▸ **Work instruction**: Skip the pictures and write out, word for word, the lines below from the one with "هيونداي Grand i10 فلييت 2023" through the one with "Monogram Keepall 50 wholesalehk.shop", inclusive.

▸ **Dataset entries**:
※ ※ ※

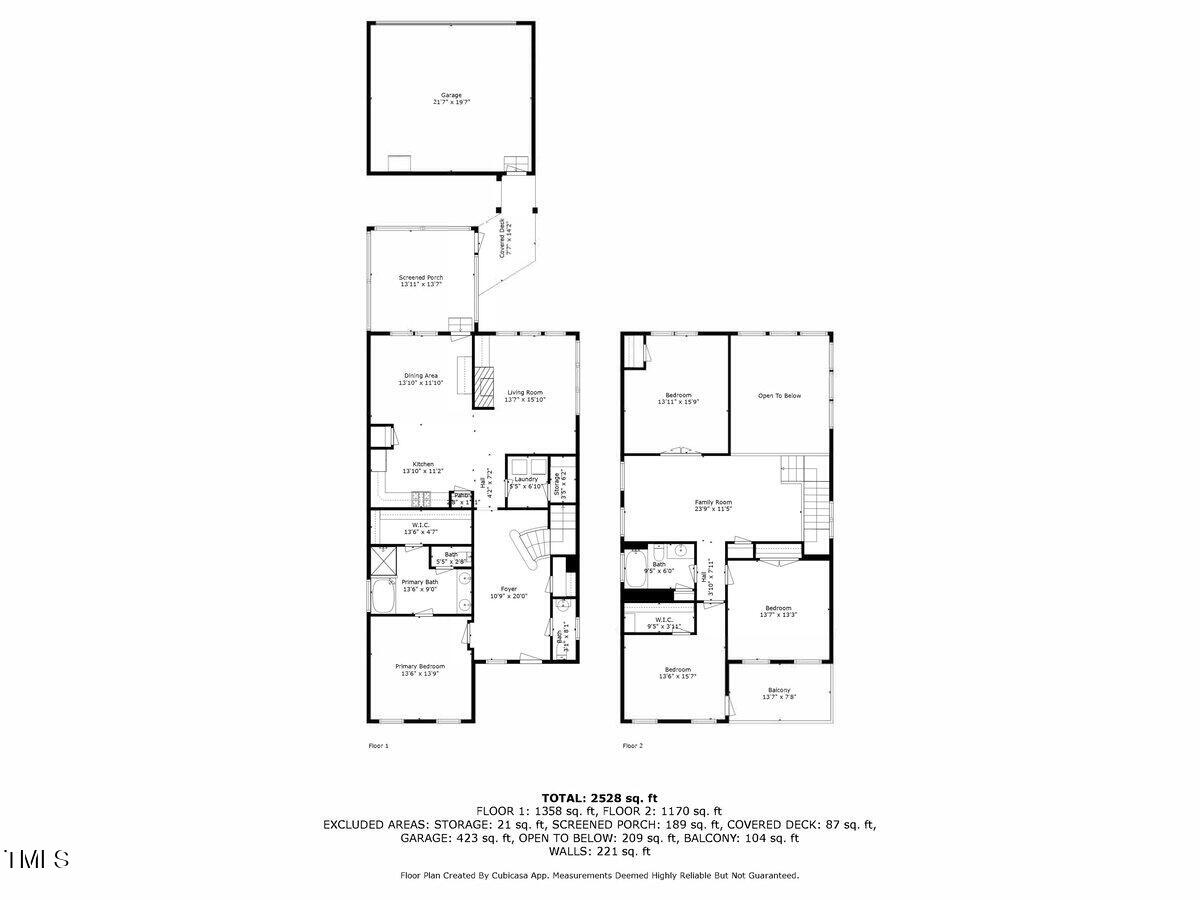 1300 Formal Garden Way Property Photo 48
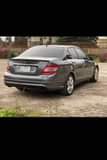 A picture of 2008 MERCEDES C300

※ ※ ※

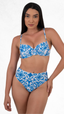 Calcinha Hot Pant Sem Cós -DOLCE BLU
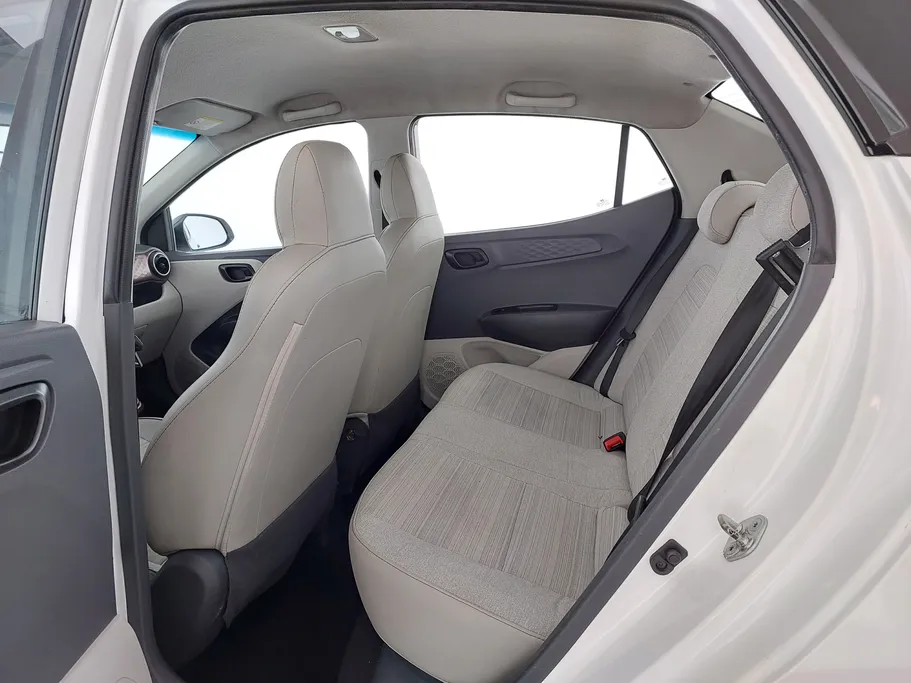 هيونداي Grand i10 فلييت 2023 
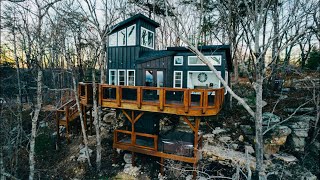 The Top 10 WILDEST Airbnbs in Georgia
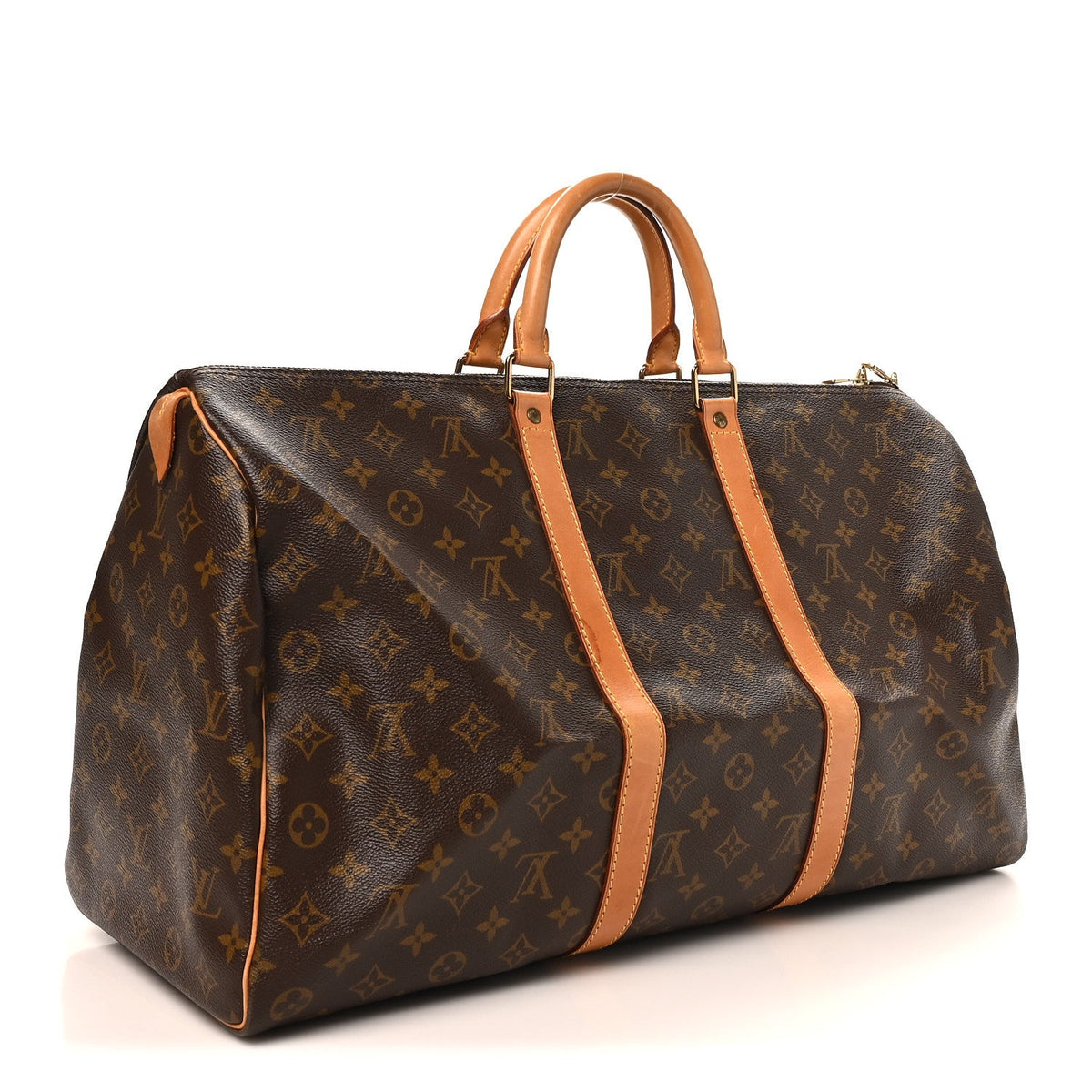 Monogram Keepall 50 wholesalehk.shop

※ ※ ※

▸ **Problem solution**:
 هيونداي Grand i10 فلييت 2023 
 The Top 10 WILDEST Airbnbs in Georgia
 Monogram Keepall 50 wholesalehk.shop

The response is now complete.